- AIM OF THE TASK: From the first entry to the last, copy each one exactly.

- EXTRACTED INFORMATION:
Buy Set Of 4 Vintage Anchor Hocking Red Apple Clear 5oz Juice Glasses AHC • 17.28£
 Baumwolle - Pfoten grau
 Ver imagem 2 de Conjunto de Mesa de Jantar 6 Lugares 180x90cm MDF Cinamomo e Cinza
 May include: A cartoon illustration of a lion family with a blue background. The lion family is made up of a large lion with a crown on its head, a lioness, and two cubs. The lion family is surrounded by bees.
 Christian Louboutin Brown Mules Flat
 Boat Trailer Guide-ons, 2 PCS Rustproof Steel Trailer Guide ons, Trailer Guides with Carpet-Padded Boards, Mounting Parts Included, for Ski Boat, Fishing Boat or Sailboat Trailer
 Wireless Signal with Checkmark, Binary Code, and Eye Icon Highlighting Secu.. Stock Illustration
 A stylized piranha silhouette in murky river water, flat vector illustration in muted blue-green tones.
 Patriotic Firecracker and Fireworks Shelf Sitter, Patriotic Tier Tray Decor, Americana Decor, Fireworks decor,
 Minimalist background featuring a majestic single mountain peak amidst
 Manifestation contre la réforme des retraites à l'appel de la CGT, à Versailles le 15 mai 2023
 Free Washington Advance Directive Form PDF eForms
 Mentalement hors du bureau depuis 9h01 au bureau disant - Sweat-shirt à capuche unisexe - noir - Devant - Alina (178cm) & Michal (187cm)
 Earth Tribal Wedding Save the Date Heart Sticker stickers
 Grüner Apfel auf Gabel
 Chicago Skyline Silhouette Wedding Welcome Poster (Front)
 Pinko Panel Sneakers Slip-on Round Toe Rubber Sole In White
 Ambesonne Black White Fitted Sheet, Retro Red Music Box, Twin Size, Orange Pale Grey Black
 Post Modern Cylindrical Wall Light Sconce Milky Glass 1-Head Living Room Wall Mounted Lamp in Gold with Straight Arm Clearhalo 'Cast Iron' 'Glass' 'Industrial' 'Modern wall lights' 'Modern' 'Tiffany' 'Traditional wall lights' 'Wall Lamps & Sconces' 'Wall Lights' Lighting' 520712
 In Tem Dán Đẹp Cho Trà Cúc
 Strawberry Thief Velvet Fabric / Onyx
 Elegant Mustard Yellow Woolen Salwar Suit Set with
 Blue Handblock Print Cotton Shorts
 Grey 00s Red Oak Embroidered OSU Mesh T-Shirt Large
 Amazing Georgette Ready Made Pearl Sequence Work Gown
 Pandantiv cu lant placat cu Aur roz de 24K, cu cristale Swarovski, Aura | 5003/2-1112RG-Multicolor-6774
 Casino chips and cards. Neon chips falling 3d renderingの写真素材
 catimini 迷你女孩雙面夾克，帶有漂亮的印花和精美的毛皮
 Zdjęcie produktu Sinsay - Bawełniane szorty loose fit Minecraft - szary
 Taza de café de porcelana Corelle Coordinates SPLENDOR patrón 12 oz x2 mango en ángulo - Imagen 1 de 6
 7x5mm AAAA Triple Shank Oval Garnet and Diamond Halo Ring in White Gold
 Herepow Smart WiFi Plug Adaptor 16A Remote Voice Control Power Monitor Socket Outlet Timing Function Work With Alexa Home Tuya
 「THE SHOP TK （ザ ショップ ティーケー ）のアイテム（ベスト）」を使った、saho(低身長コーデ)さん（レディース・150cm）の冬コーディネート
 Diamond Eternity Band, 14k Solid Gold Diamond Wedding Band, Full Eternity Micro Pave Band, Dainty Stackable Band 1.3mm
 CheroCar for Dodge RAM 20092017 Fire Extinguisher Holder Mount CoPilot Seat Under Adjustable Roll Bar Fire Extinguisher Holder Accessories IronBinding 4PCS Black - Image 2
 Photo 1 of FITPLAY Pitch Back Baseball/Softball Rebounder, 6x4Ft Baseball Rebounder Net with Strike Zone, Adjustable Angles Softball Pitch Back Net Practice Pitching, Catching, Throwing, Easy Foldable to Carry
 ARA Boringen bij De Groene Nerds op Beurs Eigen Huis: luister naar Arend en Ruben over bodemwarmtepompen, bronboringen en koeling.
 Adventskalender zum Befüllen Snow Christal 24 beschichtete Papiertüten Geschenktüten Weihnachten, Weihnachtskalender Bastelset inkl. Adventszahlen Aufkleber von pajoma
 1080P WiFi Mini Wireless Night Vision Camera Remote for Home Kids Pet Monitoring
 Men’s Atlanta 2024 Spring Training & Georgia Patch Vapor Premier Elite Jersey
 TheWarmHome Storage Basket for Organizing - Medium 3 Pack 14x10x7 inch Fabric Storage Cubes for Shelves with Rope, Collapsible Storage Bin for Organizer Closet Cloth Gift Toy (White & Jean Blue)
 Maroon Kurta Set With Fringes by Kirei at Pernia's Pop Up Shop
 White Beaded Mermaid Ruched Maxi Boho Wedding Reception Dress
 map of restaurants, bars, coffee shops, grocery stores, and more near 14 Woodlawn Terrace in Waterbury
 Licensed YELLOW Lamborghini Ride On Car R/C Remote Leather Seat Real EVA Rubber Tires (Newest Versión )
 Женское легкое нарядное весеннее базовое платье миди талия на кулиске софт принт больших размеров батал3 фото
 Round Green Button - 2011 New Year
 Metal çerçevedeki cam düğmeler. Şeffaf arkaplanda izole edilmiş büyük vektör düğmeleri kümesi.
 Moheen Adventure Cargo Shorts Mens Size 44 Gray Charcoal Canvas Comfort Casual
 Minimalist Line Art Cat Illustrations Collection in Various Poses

- WRITTEN REPLY:
Buy Set Of 4 Vintage Anchor Hocking Red Apple Clear 5oz Juice Glasses AHC • 17.28£
 Baumwolle - Pfoten grau
 Ver imagem 2 de Conjunto de Mesa de Jantar 6 Lugares 180x90cm MDF Cinamomo e Cinza
 May include: A cartoon illustration of a lion family with a blue background. The lion family is made up of a large lion with a crown on its head, a lioness, and two cubs. The lion family is surrounded by bees.
 Christian Louboutin Brown Mules Flat
 Boat Trailer Guide-ons, 2 PCS Rustproof Steel Trailer Guide ons, Trailer Guides with Carpet-Padded Boards, Mounting Parts Included, for Ski Boat, Fishing Boat or Sailboat Trailer
 Wireless Signal with Checkmark, Binary Code, and Eye Icon Highlighting Secu.. Stock Illustration
 A stylized piranha silhouette in murky river water, flat vector illustration in muted blue-green tones.
 Patriotic Firecracker and Fireworks Shelf Sitter, Patriotic Tier Tray Decor, Americana Decor, Fireworks decor,
 Minimalist background featuring a majestic single mountain peak amidst
 Manifestation contre la réforme des retraites à l'appel de la CGT, à Versailles le 15 mai 2023
 Free Washington Advance Directive Form PDF eForms
 Mentalement hors du bureau depuis 9h01 au bureau disant - Sweat-shirt à capuche unisexe - noir - Devant - Alina (178cm) & Michal (187cm)
 Earth Tribal Wedding Save the Date Heart Sticker stickers
 Grüner Apfel auf Gabel
 Chicago Skyline Silhouette Wedding Welcome Poster (Front)
 Pinko Panel Sneakers Slip-on Round Toe Rubber Sole In White
 Ambesonne Black White Fitted Sheet, Retro Red Music Box, Twin Size, Orange Pale Grey Black
 Post Modern Cylindrical Wall Light Sconce Milky Glass 1-Head Living Room Wall Mounted Lamp in Gold with Straight Arm Clearhalo 'Cast Iron' 'Glass' 'Industrial' 'Modern wall lights' 'Modern' 'Tiffany' 'Traditional wall lights' 'Wall Lamps & Sconces' 'Wall Lights' Lighting' 520712
 In Tem Dán Đẹp Cho Trà Cúc
 Strawberry Thief Velvet Fabric / Onyx
 Elegant Mustard Yellow Woolen Salwar Suit Set with
 Blue Handblock Print Cotton Shorts
 Grey 00s Red Oak Embroidered OSU Mesh T-Shirt Large
 Amazing Georgette Ready Made Pearl Sequence Work Gown
 Pandantiv cu lant placat cu Aur roz de 24K, cu cristale Swarovski, Aura | 5003/2-1112RG-Multicolor-6774
 Casino chips and cards. Neon chips falling 3d renderingの写真素材
 catimini 迷你女孩雙面夾克，帶有漂亮的印花和精美的毛皮
 Zdjęcie produktu Sinsay - Bawełniane szorty loose fit Minecraft - szary
 Taza de café de porcelana Corelle Coordinates SPLENDOR patrón 12 oz x2 mango en ángulo - Imagen 1 de 6
 7x5mm AAAA Triple Shank Oval Garnet and Diamond Halo Ring in White Gold
 Herepow Smart WiFi Plug Adaptor 16A Remote Voice Control Power Monitor Socket Outlet Timing Function Work With Alexa Home Tuya
 「THE SHOP TK （ザ ショップ ティーケー ）のアイテム（ベスト）」を使った、saho(低身長コーデ)さん（レディース・150cm）の冬コーディネート
 Diamond Eternity Band, 14k Solid Gold Diamond Wedding Band, Full Eternity Micro Pave Band, Dainty Stackable Band 1.3mm
 CheroCar for Dodge RAM 20092017 Fire Extinguisher Holder Mount CoPilot Seat Under Adjustable Roll Bar Fire Extinguisher Holder Accessories IronBinding 4PCS Black - Image 2
 Photo 1 of FITPLAY Pitch Back Baseball/Softball Rebounder, 6x4Ft Baseball Rebounder Net with Strike Zone, Adjustable Angles Softball Pitch Back Net Practice Pitching, Catching, Throwing, Easy Foldable to Carry
 ARA Boringen bij De Groene Nerds op Beurs Eigen Huis: luister naar Arend en Ruben over bodemwarmtepompen, bronboringen en koeling.
 Adventskalender zum Befüllen Snow Christal 24 beschichtete Papiertüten Geschenktüten Weihnachten, Weihnachtskalender Bastelset inkl. Adventszahlen Aufkleber von pajoma
 1080P WiFi Mini Wireless Night Vision Camera Remote for Home Kids Pet Monitoring
 Men’s Atlanta 2024 Spring Training & Georgia Patch Vapor Premier Elite Jersey
 TheWarmHome Storage Basket for Organizing - Medium 3 Pack 14x10x7 inch Fabric Storage Cubes for Shelves with Rope, Collapsible Storage Bin for Organizer Closet Cloth Gift Toy (White & Jean Blue)
 Maroon Kurta Set With Fringes by Kirei at Pernia's Pop Up Shop
 White Beaded Mermaid Ruched Maxi Boho Wedding Reception Dress
 map of restaurants, bars, coffee shops, grocery stores, and more near 14 Woodlawn Terrace in Waterbury
 Licensed YELLOW Lamborghini Ride On Car R/C Remote Leather Seat Real EVA Rubber Tires (Newest Versión )
 Женское легкое нарядное весеннее базовое платье миди талия на кулиске софт принт больших размеров батал3 фото
 Round Green Button - 2011 New Year
 Metal çerçevedeki cam düğmeler. Şeffaf arkaplanda izole edilmiş büyük vektör düğmeleri kümesi.
 Moheen Adventure Cargo Shorts Mens Size 44 Gray Charcoal Canvas Comfort Casual
 Minimalist Line Art Cat Illustrations Collection in Various Poses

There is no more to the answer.